* **MATERIAL FOR THE TASK**
=== Section Start ===
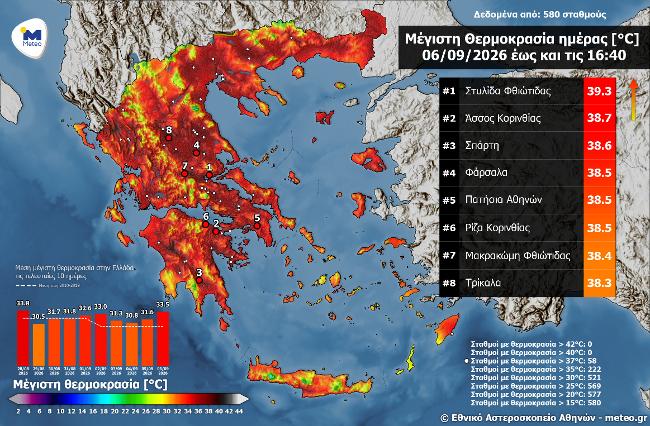 Φάρσαλα και Τρίκαλα πάνω από 38 βαθμούς σήμερα -Στους 39.3 °C η μέγιστη θερμοκρασία την Κυριακή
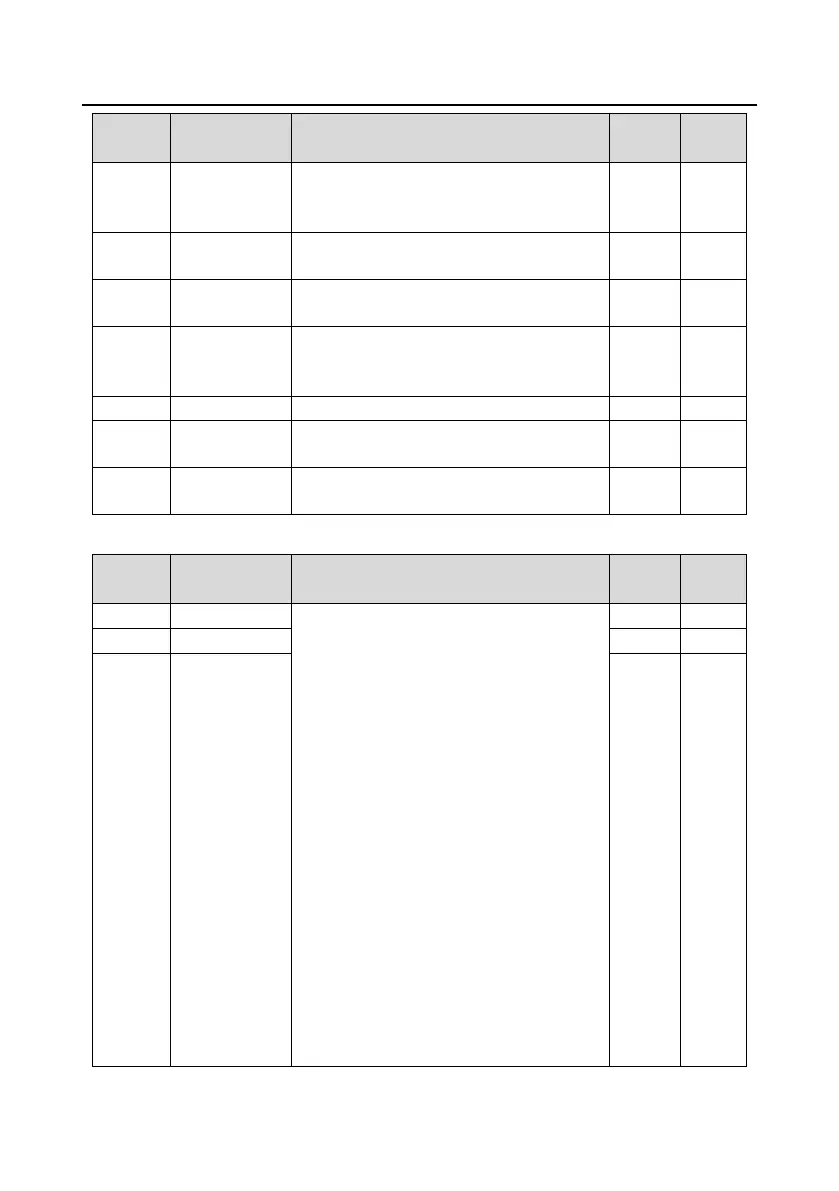 Page #211 background image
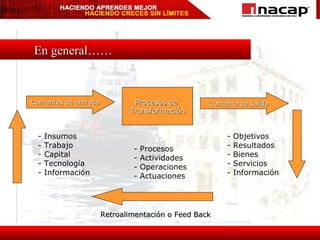 En general…… Corrientes de entrada Procesos de  Transformación Corriente de salida - Insumos - Trabajo - Capital - Tecnología - Información - Procesos - Actividades - Operaciones - Actuaciones - Objetivos - Resultados - Bienes - Servicios - Información Retroalimentación o Feed Back 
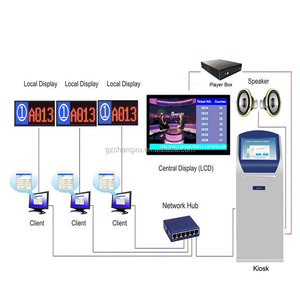 Hospital/Clinic Automatic <strong>Queue</strong> Ticket Dispenser Machine <strong>Queue</strong> Ticketing <strong>Management</strong> Display and Calling <strong>System</strong> - Product Image 1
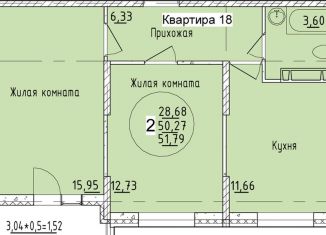 Продается двухкомнатная квартира, 51.8 м2, Краснодар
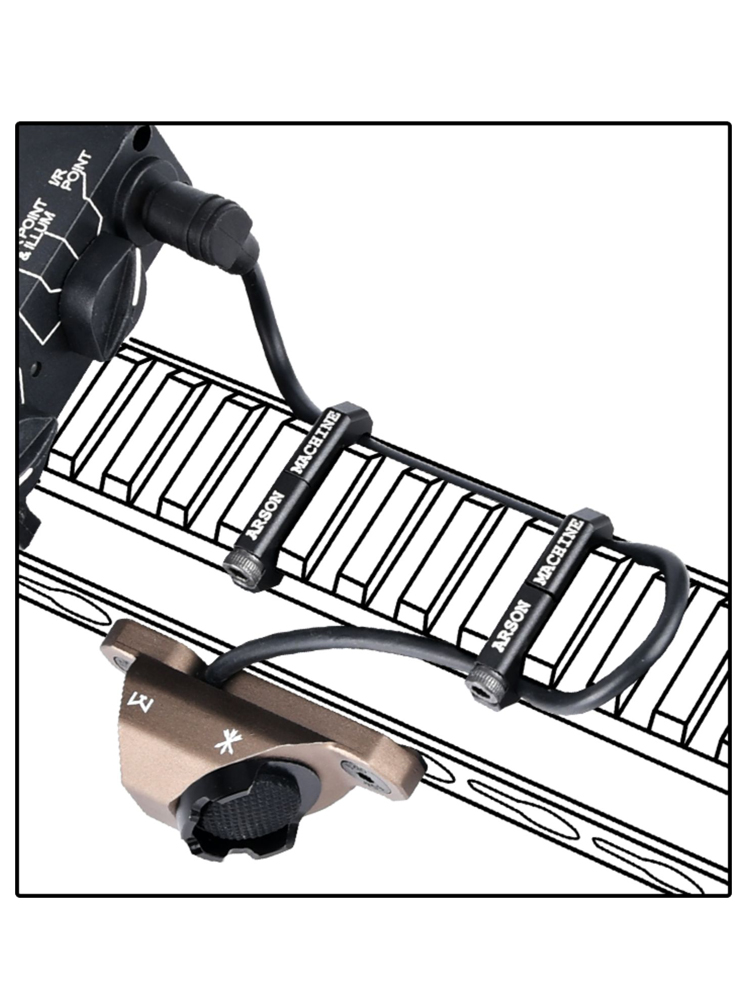 3pcs Set Wire Guide Rail Cover - Sustainable Living Guide avaliação e preço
=== Section End ===
* **YOUR OBJECTIVE**
Exactly as they stand, set down the lines from the start of the material through the line with "En general…… Corrientes", both ends included, omitting the pictures.

* **ANSWER SPACE**
 Φάρσαλα και Τρίκαλα πάνω από 38 βαθμούς σήμερα -Στους 39.3 °C η μέγιστη θερμοκρασία την Κυριακή
 Page #211 background image
 En general…… Corrientes de entrada Procesos de  Transformación Corriente de salida - Insumos - Trabajo - Capital - Tecnología - Información - Procesos - Actividades - Operaciones - Actuaciones - Objetivos - Resultados - Bienes - Servicios - Información Retroalimentación o Feed Back 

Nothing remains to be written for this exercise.